19. A structural shell element for assembling a 3-D module according to claim 18, said shell element having a generally triangular shape, comprising a wall of one of said tunnels and three generally planar walls forming the flat faces of the 3-D module, such that two such shell elements can be joined by their edges along a side R-diagonal of the parallelepiped and along a joint of walls of their tunnels.

20. A mold for casting the structural shell element of claim 19, said mold having a generally triangular shape and comprising hinges at edges of the triangle, such that said mold can be assembled edge-to-edge by means of said hinges in a group of four similar molds lying in one plane, said hinges allowing conversion of said group of molds, together with shell elements cast therein, into a 3-D tetrahedron structure by lifting three of said four molds and turning them about said hinges.

21. A mold according to claim 20, further having floating means, such that the assembling in said group, said casting and said conversion can be performed afloat.

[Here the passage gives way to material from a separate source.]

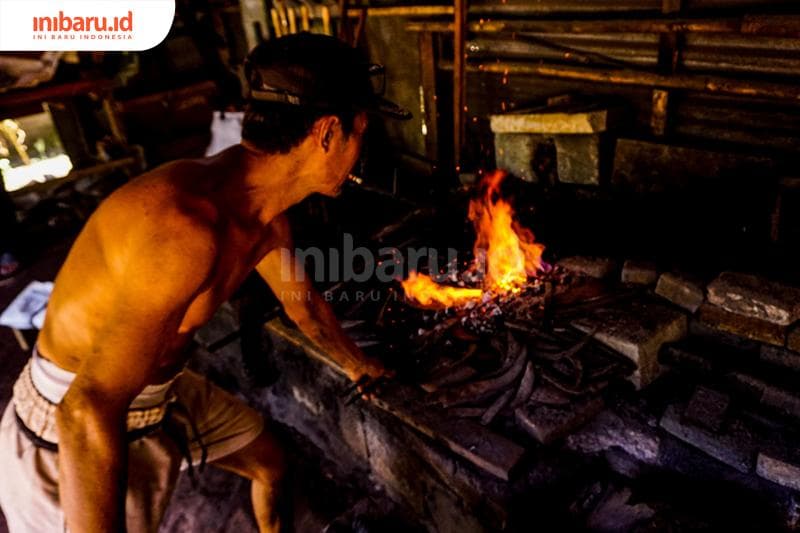 Di zaman dahulu, seorang pandai besi dianggap suci. (Inibaru.id/ Audrian F)<br>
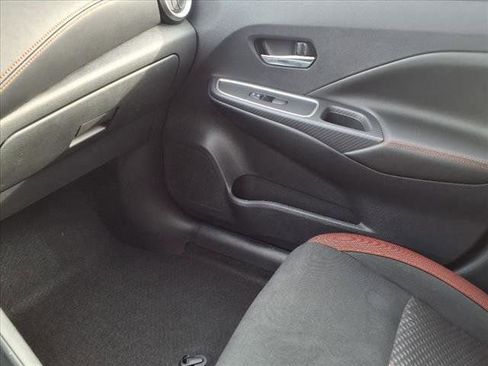 New 2025 Nissan Versa SR image 30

22. A mold for pre-casting individually the planar walls of the structural triangular shell element of claim 19.

23. A method of production of the 3-D structural module of claim 18, the method comprising:

a) casting said four shell elements in four respective shell casting molds;

b) disposing three of said casting molds around the fourth casting mold, and coupling edges of said three casting molds to edges of said fourth casting mold by means of hinges;

c) assembling a 3-D tetrahedron structure by lifting said three casting molds and turning them about the hinges; and

d) bonding joints between the edges of the shell elements along the side R-diagonals, and bonding the joints between the walls of the tunnels, so as to obtain a hollow fluid-tight 3-D structural module upon releasing it from said molds.

24. A method of production of a 3-D structural module according to claim 23, wherein the step (a) is performed by pre-casting three planar walls for each shell element and then placing said planar walls in said casting mold for the shell element.

25. A method of production of a 3-D structural module according to claim 23, wherein the steps (a) to (d) are performed by using floating casting molds which are kept together with said 3-D module until an additional step of ballasting, balancing and releasing the 3-D module from the floating casting molds.

26. A method for assembling a load-carrying modular structure from the 3-D structural modules of claim 1, said 3-D modules having recesses at said flat faces, on R-diagonals passing through said flat faces, the method comprising:

a) transportation and fixing at least two of said 3-D modules adjacent to each other and aligned so that their respective enclosing parallelepipeds have a common R-diagonal and some of their flat faces with recesses abut each other; and

b) formation of joint elements in cavities defined by said recesses along said common R-diagonal to bond said at least two 3-D modules together,

thereby obtaining a mechanical structure behaving under load essentially as a multi-tetrahedron structure.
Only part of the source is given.